As yesterday, we cross Piazza Quirinale and head to the Trevi which is mobbed by several cruise tours. Fortunately we threw our coins in yesterday so make our way through the crowds to Piazza Colonna, Piazza Montecitorio and finally Piazza Sant’Agostino. The church here contains a Caravaggio (Madonna of the Pilgrims), a Raphael (Isaiah) and the Madonna del Parto (birth) which is of great significance to us as our daughter is to become a mother in December, making us grandparents for the first time.

Piazza Navona too is very busy but we escape the masses to the underground remains of the Stadium of Domitian which have recently opened to the public. The ruins are made understandable with 3D reconstructions.

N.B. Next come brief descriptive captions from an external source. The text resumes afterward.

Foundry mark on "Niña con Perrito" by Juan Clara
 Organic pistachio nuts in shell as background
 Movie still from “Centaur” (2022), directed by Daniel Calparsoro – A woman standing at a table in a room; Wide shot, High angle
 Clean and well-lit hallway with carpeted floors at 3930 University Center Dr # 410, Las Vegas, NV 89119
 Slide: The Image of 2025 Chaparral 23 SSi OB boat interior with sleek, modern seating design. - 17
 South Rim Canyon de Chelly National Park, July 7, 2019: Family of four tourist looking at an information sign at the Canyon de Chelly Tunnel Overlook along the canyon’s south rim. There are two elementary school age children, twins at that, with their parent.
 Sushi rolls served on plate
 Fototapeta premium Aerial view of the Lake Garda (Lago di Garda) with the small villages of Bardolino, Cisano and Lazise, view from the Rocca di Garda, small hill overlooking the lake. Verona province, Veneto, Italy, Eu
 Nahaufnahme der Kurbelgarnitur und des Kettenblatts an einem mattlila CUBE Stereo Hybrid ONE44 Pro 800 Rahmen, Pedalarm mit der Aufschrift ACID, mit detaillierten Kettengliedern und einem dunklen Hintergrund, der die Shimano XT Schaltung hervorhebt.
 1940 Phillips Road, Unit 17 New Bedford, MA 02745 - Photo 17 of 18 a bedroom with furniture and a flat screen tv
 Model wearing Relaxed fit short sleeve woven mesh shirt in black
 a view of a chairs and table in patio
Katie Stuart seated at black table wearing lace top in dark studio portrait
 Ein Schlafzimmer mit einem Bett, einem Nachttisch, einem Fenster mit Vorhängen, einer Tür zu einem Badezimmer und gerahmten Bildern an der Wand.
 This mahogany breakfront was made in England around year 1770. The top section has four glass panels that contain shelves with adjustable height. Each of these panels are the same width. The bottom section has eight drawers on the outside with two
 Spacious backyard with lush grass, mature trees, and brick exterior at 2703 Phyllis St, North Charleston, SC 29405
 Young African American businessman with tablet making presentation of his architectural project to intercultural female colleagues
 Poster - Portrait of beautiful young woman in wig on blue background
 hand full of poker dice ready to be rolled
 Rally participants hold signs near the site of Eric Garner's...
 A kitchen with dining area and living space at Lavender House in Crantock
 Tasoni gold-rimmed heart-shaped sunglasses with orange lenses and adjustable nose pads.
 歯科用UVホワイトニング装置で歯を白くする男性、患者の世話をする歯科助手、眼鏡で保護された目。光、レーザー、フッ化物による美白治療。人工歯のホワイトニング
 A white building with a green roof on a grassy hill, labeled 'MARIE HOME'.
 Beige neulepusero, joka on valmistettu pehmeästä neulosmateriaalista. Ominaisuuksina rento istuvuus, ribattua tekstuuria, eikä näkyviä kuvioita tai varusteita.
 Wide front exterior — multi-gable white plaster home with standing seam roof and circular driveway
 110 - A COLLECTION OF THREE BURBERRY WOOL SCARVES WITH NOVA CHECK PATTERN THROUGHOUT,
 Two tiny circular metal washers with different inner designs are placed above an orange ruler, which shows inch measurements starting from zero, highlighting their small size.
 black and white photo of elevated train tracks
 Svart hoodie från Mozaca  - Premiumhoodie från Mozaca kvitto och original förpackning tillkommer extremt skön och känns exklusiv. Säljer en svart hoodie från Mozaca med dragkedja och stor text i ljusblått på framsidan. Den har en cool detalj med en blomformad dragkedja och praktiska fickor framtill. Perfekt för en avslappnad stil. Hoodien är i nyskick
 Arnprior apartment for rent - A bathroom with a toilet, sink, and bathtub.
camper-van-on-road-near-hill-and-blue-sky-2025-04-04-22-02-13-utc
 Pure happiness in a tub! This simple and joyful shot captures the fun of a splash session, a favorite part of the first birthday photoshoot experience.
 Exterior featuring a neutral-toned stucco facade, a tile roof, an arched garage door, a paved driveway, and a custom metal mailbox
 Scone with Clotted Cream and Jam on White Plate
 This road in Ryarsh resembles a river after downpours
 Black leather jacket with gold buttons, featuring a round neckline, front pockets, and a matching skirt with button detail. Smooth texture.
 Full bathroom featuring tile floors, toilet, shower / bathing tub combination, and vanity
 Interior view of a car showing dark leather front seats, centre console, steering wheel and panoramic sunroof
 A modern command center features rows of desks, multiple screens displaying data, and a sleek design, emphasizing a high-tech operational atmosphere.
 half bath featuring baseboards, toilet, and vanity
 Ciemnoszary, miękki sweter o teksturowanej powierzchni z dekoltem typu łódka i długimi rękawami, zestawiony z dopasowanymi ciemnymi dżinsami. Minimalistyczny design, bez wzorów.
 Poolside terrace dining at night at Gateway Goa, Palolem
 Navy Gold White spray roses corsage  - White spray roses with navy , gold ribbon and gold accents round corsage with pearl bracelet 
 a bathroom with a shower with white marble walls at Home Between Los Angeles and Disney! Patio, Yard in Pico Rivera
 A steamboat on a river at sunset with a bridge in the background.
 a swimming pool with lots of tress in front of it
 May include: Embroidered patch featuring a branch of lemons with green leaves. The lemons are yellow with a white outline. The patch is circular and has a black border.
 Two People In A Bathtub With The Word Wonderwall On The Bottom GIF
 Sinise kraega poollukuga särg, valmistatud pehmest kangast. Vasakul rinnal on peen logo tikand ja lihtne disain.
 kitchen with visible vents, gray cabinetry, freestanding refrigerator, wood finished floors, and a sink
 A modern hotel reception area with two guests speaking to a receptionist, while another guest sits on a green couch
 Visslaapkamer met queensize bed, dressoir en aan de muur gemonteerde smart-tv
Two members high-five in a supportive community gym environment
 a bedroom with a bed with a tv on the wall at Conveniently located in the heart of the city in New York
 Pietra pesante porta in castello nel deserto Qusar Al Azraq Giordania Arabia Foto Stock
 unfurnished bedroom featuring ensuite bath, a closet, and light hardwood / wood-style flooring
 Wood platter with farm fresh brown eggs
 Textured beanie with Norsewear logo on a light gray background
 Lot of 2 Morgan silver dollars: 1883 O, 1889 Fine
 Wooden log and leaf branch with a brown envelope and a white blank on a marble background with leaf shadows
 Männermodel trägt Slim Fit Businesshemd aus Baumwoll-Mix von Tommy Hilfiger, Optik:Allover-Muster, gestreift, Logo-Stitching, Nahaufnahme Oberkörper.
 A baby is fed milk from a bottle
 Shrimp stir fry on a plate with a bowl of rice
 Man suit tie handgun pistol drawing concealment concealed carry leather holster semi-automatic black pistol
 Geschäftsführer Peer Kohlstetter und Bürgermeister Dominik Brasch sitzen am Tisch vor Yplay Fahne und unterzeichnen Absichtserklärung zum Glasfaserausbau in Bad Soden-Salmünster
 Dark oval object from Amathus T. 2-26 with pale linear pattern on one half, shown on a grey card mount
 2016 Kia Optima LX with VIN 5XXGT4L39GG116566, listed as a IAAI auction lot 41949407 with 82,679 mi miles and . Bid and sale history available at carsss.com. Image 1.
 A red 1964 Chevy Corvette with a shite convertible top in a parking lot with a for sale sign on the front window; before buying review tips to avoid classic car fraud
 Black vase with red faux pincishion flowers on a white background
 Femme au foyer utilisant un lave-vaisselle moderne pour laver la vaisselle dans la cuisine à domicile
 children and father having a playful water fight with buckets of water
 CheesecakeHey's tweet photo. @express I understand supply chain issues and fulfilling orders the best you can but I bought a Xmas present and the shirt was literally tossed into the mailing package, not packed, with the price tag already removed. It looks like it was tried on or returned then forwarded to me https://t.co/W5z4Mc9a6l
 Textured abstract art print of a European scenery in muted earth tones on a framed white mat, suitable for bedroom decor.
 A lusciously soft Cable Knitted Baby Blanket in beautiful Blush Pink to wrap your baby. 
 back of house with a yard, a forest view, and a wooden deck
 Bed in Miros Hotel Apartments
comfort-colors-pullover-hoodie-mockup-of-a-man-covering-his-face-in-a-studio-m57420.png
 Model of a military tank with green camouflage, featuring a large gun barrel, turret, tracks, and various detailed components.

We celebrate the results of our daughter’s 12 week scan at a favourite bar near the Pantheon with views of ancient columns covered in ivy and the stag of Sant’Eustachio.

We are a little peckish so we pick up fried baccala from Il Filetti and eat it under the brooding gaze of Giordano Bruno in Campo di Fiori accompanied by saxophone music (‘Summertime’ by Gershwin – perfect)

We have booked tickets to see ‘Augustus 2000’ in the Forum of Augustus. The presentation turns out to be very good but was marred by the fact there were technical problems and was an hour late.
Fortunately La Carrette are happy to provide a ‘pizza to go’ at this late hour so we end the day on a happy note.